**What is expected:** Once you find the line with "Crystal Light - Mezcla" in the entries below, return exactly every line from it through the line with "vidaXL Postelja s".

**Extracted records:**
________

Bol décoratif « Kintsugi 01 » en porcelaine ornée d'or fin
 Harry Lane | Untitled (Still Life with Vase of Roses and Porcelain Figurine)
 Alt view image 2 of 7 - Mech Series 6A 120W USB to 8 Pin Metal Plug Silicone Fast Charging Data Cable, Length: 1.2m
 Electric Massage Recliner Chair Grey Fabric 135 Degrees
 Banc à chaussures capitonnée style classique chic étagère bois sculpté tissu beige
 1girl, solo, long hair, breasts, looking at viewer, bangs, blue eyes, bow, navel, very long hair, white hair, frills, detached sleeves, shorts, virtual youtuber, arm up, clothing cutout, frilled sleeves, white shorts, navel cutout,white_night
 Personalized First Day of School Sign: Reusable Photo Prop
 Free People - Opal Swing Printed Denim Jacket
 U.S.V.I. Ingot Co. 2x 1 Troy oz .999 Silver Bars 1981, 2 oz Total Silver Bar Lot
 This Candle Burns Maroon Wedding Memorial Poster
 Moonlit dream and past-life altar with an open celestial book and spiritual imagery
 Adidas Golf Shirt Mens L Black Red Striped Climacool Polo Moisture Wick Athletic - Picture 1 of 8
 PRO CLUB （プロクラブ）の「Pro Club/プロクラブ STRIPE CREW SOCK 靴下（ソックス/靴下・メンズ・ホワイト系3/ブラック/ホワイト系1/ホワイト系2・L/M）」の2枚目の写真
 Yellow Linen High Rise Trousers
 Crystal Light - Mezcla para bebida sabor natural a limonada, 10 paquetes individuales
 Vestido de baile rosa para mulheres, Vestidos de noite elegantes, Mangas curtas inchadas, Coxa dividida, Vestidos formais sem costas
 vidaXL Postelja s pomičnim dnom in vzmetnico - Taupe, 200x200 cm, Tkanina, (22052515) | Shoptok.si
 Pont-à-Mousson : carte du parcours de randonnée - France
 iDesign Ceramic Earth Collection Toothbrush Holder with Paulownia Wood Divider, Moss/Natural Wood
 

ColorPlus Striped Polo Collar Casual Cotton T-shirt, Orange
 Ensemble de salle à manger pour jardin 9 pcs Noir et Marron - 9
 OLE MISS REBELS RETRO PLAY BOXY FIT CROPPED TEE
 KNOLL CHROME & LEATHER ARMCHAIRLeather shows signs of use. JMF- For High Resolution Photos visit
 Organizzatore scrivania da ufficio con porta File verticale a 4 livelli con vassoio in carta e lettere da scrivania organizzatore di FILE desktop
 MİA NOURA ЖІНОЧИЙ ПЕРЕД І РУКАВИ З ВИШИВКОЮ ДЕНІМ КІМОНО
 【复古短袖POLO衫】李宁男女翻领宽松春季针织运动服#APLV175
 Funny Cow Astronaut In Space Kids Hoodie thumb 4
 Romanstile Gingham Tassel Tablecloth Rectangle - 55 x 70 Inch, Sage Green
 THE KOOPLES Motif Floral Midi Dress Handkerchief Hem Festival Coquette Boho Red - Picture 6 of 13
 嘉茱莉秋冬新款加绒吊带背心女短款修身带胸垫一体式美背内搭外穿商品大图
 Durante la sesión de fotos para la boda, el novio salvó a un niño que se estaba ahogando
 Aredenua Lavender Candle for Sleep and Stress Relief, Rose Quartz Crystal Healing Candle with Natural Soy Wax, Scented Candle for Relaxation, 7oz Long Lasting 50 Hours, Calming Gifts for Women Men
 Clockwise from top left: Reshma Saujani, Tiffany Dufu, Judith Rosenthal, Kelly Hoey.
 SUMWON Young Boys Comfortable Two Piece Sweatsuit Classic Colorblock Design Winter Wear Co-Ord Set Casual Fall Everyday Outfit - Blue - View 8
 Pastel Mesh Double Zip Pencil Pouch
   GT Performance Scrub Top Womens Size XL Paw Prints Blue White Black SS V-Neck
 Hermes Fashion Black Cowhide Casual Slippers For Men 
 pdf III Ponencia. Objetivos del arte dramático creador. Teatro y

________

**Answer below:**
 Crystal Light - Mezcla para bebida sabor natural a limonada, 10 paquetes individuales
 Vestido de baile rosa para mulheres, Vestidos de noite elegantes, Mangas curtas inchadas, Coxa dividida, Vestidos formais sem costas
 vidaXL Postelja s pomičnim dnom in vzmetnico - Taupe, 200x200 cm, Tkanina, (22052515) | Shoptok.si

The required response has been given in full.